DHL Express has signed an agreement with Malaysia Aviation Group (MAG) to supply sustainable aviation fuel (SAF) for its airline operations, as part of efforts to reduce carbon emissions, Business Today reported.
The initiative is expected to cut around 300 tonnes of lifecycle carbon emissions in 2026 compared to the previous year.
DHL Express said SAF is currently one of the more developed options for lowering emissions from long-distance air transport. The fuel is produced from sustainable sources such as used cooking oil and other residues and can reduce greenhouse gas emissions by up to 80% compared to conventional jet fuel.
The agreement falls under DHL’s GoGreen Plus programme, launched in 2023, which allows customers to reduce indirect emissions linked to transportation and logistics.

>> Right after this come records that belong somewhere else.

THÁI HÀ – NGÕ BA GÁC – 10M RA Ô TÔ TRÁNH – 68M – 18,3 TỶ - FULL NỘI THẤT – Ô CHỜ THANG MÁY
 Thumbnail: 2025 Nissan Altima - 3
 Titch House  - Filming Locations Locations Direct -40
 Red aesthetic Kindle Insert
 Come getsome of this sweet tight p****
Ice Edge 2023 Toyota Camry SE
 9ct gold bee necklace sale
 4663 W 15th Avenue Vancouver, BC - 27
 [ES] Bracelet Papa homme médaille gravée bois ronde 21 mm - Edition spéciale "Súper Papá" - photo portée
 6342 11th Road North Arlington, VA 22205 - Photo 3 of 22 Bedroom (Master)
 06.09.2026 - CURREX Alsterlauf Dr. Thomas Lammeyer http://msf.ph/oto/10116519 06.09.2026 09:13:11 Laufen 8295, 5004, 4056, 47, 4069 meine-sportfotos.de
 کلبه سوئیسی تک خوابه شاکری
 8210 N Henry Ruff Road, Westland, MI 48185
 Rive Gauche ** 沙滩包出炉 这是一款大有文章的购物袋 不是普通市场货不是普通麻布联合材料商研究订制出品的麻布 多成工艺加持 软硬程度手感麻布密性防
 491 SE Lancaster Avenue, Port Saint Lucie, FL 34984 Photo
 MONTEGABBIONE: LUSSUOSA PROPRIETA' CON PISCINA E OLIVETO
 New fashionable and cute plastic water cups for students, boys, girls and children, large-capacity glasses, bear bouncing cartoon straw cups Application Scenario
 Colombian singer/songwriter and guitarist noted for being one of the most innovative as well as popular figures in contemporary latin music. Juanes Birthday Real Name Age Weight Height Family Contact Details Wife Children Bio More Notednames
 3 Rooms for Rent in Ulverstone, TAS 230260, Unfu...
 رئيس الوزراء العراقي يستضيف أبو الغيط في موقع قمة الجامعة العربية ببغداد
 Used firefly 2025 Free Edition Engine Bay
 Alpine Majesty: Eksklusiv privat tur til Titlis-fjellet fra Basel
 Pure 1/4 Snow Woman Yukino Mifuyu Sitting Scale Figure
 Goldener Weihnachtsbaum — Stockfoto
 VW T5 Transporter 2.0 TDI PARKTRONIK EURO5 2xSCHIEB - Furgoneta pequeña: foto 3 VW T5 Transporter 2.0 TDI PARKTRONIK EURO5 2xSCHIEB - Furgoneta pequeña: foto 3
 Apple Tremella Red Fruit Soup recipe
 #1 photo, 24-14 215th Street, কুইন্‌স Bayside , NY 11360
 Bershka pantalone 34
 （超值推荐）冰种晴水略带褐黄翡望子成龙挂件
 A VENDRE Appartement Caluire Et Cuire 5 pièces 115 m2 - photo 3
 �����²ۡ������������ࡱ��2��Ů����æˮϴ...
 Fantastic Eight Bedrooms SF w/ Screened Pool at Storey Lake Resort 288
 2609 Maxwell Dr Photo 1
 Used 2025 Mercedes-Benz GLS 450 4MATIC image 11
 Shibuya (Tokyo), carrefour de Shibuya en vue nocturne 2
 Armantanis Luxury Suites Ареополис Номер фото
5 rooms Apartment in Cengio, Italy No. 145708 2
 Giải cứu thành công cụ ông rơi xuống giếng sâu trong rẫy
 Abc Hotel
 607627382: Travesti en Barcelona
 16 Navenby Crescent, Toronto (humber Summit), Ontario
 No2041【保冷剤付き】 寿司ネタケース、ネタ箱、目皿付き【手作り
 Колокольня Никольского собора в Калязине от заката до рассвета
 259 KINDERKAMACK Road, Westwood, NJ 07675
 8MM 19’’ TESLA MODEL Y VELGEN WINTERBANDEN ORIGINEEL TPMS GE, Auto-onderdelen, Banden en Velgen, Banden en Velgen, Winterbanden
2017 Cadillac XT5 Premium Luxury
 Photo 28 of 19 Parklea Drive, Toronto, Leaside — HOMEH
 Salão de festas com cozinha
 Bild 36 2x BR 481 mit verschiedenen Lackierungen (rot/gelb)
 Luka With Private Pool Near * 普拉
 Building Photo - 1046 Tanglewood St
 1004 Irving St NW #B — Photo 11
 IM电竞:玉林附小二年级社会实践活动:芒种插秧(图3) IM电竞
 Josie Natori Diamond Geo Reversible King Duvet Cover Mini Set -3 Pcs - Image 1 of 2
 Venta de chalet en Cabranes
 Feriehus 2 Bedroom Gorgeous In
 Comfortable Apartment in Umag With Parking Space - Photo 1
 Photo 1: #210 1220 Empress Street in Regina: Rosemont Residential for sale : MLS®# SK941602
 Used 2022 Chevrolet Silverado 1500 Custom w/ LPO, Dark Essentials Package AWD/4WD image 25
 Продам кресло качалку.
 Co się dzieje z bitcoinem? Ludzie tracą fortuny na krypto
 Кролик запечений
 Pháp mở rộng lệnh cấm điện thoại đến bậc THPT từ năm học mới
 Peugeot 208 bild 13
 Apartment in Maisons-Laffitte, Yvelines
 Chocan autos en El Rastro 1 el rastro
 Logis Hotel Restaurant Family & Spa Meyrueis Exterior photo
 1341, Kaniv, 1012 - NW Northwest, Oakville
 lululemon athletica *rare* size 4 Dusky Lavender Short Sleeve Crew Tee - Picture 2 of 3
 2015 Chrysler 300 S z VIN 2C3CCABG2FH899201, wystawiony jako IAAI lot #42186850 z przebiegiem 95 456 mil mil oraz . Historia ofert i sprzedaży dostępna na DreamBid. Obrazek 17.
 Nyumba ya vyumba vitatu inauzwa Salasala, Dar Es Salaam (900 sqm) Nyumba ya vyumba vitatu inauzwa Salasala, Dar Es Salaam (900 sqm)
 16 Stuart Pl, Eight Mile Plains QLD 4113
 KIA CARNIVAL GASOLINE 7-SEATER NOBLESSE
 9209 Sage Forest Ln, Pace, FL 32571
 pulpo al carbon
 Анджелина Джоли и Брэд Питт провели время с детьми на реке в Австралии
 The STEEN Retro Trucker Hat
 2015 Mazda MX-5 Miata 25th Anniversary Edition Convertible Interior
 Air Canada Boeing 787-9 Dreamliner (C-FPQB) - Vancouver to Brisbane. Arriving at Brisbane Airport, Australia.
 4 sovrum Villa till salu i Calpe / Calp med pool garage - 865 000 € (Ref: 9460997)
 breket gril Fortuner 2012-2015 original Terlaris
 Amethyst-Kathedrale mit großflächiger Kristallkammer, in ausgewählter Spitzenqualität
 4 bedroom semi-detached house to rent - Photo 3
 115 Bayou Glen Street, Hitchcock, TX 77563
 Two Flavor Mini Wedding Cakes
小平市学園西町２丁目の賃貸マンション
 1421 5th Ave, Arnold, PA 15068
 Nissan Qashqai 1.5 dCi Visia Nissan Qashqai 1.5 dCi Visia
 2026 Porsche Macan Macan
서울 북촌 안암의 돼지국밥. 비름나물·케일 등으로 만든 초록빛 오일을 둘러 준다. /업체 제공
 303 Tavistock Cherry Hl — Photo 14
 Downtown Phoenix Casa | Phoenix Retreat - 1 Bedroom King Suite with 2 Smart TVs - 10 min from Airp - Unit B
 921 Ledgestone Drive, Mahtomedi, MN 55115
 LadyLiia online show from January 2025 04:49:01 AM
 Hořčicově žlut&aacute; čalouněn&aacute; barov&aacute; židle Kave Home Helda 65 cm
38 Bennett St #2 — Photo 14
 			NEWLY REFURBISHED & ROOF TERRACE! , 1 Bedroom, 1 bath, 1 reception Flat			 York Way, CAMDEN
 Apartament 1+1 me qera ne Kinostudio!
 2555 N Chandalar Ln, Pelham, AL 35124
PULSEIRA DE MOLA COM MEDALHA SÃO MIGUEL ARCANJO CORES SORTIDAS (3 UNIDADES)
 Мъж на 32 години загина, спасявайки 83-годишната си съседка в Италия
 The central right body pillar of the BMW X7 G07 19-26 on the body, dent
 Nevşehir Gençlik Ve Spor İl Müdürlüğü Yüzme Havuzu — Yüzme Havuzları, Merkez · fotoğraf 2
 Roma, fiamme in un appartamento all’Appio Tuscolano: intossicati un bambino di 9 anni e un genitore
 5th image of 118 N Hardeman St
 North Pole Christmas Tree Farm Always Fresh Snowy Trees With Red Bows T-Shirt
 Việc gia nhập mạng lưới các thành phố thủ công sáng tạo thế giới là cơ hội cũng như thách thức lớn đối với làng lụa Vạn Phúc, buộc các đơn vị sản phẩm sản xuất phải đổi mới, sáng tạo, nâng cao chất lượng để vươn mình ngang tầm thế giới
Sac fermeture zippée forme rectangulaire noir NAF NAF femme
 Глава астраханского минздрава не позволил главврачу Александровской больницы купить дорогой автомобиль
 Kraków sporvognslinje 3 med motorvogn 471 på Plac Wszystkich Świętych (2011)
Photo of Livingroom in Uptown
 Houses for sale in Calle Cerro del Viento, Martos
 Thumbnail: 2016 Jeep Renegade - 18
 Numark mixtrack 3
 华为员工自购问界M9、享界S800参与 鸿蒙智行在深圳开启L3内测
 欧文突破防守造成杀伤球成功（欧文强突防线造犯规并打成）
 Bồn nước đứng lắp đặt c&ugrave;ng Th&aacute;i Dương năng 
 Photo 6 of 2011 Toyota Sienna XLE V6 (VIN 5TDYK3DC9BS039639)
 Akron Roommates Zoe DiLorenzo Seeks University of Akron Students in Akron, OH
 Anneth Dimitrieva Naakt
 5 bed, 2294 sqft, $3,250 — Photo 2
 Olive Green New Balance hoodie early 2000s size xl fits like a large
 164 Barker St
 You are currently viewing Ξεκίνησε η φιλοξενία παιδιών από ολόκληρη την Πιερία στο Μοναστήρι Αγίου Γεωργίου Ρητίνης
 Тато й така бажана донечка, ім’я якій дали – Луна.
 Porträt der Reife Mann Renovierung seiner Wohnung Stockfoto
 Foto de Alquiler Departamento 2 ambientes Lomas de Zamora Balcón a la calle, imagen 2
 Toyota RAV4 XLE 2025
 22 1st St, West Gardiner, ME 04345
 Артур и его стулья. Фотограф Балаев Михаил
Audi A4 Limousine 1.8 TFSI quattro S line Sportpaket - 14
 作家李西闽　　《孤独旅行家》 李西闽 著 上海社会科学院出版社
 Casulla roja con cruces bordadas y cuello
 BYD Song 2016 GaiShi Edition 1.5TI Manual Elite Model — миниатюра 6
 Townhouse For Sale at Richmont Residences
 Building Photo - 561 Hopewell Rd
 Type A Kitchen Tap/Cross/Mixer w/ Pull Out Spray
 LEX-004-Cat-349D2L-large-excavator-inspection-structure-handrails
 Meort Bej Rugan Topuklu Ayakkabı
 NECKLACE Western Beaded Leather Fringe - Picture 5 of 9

The service operates on a “book and claim” system, where emission reductions from SAF use are credited to customers, even if their shipments are not directly transported using the fuel.
DHL has secured SAF supply through agreements with partners including BP, Neste, Cosmo Energy and Cathay Group.
Under the new agreement, MAG will use SAF for inbound and outbound air freight handled by DHL Express across key trade routes covering the United States, Europe and Asia Pacific.
To support wider adoption, MAG had earlier conducted a two-week SAF trial on the Kuala Lumpur–London route in 2025 to assess supply readiness at Kuala Lumpur International Airport.
The group is also working with industry partners and local suppliers to explore the possibility of producing SAF domestically, aiming to expand its use across passenger, corporate and cargo operations.